====== Recorded data

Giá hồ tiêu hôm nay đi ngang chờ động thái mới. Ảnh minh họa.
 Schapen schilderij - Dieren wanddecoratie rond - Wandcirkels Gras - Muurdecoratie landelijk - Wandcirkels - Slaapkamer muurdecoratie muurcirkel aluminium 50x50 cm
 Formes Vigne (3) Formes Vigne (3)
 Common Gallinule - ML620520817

============

[What the exercise asks] From the first line of the data above through the line containing "Schapen schilderij - Dieren", repeat each line exactly, and add nothing.

[Response]
Giá hồ tiêu hôm nay đi ngang chờ động thái mới. Ảnh minh họa.
 Schapen schilderij - Dieren wanddecoratie rond - Wandcirkels Gras - Muurdecoratie landelijk - Wandcirkels - Slaapkamer muurdecoratie muurcirkel aluminium 50x50 cm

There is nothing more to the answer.